Согласно одному парадоксальному замечанию событием новейшей немецкой истории, повлекшим за собой самые значительные последствия, стала «несостоявшаяся революция»[361]. Это придало стране характер своеобразной затхлой идиллии и погрузило её в состояние постоянной отсталости от политического характера каждой последующей эпохи. Нередко в этой неспособности к революции видели отражение особенно склонного к подчинению характера, и фигура добродушного, невоинственного, мечтательного немца долгое время была предметом насмешек для более самоуверенных соседей. На деле же глубокая подозрительность по отношению к любой революции представляла собой реакцию народа, исторический опыт которого был почти целиком отмечен ощущением угрозы. На основе его срединного географического положения у него рано развились комплексы окруженности и необходимости обороны, и они самым ужасным образом подтвердились в так никогда и не преодолённом страшном опыте тридцатилетней войны, превратившей страну в почти безлюдную пустыню. Самым значительным наследием войны были травмирующее чувство незащищённости и глубоко запрятанный страх перед хаосом любого рода. Оба эти ощущения в течение жизни целых поколений поддерживались и эксплуатировались как своими, так и иноземными правителями. Спокойствие, считавшееся первейшим долгом гражданина, так же как и требование защитить страну от страха и нужды, а протестантское понимание сути власти подвело под это представление и идеологическую базу. Даже Просвещение, во всей Европе понимавшееся как вызов существующим авторитетам, в Германии во многих случаях щадило княжеские дома, а иногда их даже восхваляло — так глубоко сидели страхи, оставленные прошлым. В этом незабытом историческом опыте и берут своё начало такие для немецкого сознания необыкновенно содержательные категории как порядок, дисциплина и строгая самодисциплина, поклонение государству как неоспоримому институту и «сдерживателю зла», или вера в фюрера. Стоящая за этим потребность в защите — вот что Гитлер сумел ухватить и с помощью лёгкой стилизации использовать для своих претензий на господство — в виде культа верности фюреру, идеологизировавшего его требование полного подчинения, или в геометрии парадных шествий, наглядно свидетельствовавших об укоренившемся инстинкте защиты от любых хаотических проявлений.

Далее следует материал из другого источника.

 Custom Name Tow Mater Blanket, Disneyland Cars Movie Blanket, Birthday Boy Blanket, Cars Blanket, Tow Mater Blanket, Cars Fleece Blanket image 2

Однако остроумное замечание о несостоявшейся немецкой революции — это только половина правды. Ибо нация, память которой не знает ни казнённых королей, ни победоносных народных восстаний, больше любой другой способствовала революционной мобилизации мира. Она дал так называемому веку революций самые провокационные озарения, самые острые революционные лозунги и, как высокопарно выражался Фихте, разметала скалы мыслей, из которых следующие века возвели себе жилища. Интеллектуальный радикализм Германии не знает себе подобных, и именно эта неповторимость придала немецкому духу величие и характерный блеск. Но что касается действительности, то тут имела место полная неспособность к прагматическому типу поведения, в котором примирились бы друг с другом мышление и жизнь, а разум стал бы разумным. Немецкий дух мало заботился об этом. Он был в буквальном смысле слова асоциален и никогда не стоял ни слева, ни справа, но преимущественно в прославляемом противоречии с жизнью: дух безоговорочный и концентрированный, всегда в позиции «не могу иначе», с почти апокалипсической «тягой к интеллектуальной пропасти»[362], на краю которой виделась не столько банальная действительность людей, сколько погибали целые эпохи в грозе, губившей миры. Господи, Бог мой — что этому духу было до жизни!
И всё же это типичное разграничение между спекулятивным и политическим уровнями все ещё имело характер эрзац-действия: радикальность идеи одновременно прикрывала бессилие воли. Замечание Гегеля о том, что мышление стало силой, направленной против существующей действительности, было задумано как триумф, но одновременно и утешение. Не только столетняя дилемма затхлого немецкого мирка с его тяжёлой жизнью и провинциальностью подвигала мысль на полёты в свободные просторы, но и та долго игнорируемая роль, на которую мысль была обречена бездуховностью или франкоманией княжеского правления. От самых неудобоваримых текстов начала XIX века до поверхностного политического журнализма 20-х годов — во всём чувствуется, хоть и во вторичных, книжных или просто жалких проявлениях — что-то от того характерного основного движения духа, который «предоставил эпоху самой себе», чтобы строить идеальное внутреннее царство, которое безмятежно противопоставляло себя внешнему. Никогда ему не удавалось скрыть жажду отмщения, жившую в радикальности его суждений. Это было тонкое ощущение мести по отношению к реальности, считавшей, что она не нуждается в духе, и поэтому теперь посрамлённой духом.